Elias Burton Holmes

American lecturer

Born into a prosperous Chicago family, as a boy E. Burton Holmes gave magic shows to family and friends. As a young man, he toured the United States and overseas, making lantern slides from his photographs of the trips. Slides of an 1890 visit to Europe were shown at the Chicago Camera Club, of which he was secretary. After this success he gave a public performance, Through Europe with a Kodak, to aid club funds. The lectern lamp failing midway, his ad-lib performance proved more effective and he later worked without a script. Sophisticated and elegantly tailored, his stage appearance was striking and his delivery 'crisp'. Returning from a trip to Japan in 1893, he decided to become a professional lecturer, with Oscar B. Depue as lantern operator, but found that his local success with the Japan lecture - and a later lecture based on an 1895 cycle tour of England, France, Italy and Switzerland - was not repeated elsewhere, and he continued lecturing with only patchy success. In the summer of 1897, Depue bought a Gaumont camera in Paris and began making moving pictures, first shown as a tail-piece to Holmes's slide lectures, with the camera modified as a projector.
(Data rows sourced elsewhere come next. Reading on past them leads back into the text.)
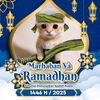 vxi.x.ramadhan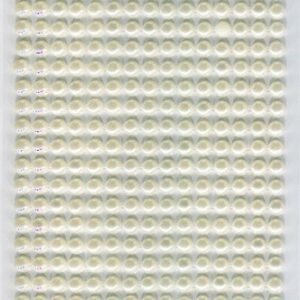 Заготовки для альбомів „Ажур“ 20х20,5см 4 ст. ROSA TALENT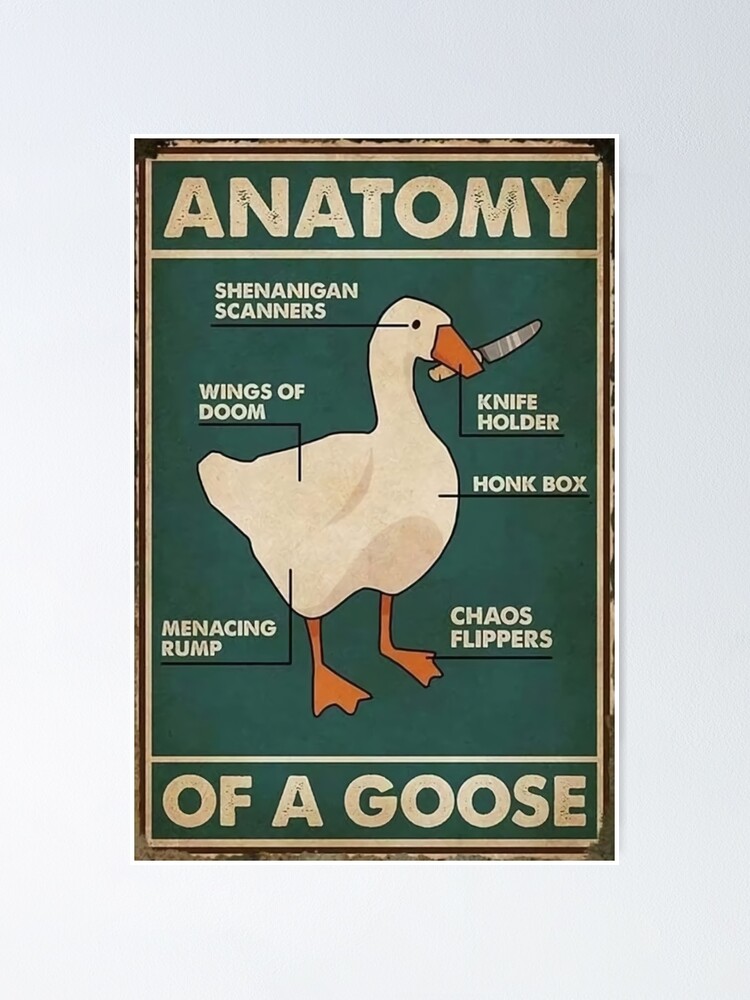"Vintage Anatomy Of A Goose Poster" Poster for Sale by gulhamgun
From 1899-1900, interespersed at relevant moments throughout the shows, the films - including the Grand Canyon and the Hopi Indians' snake dance, shot on a home-made successor to the Gaumont camera - became increasingly important. Depue constructed a new 60 mm projector and another camera in 1899, the latter used on a 1901 world tour taking in Siberia, China and Japan, but in 1902 abandoned the bulky 60 mm format for a more convenient 35 mm Warwick Bioscope camera from Charles Urban. Holmes and Depue made many expeditions in the succeeding years; to Norway, Alaska, Egypt, Greece and elsewhere. In 1904 Holmes coined the term 'travelogue', and a contract with Paramount (1908-1922) resulted in several years of weekly travelogue releases in Paramount Theatres. Burton Holmes continued to lecture until shortly before his death in 1958.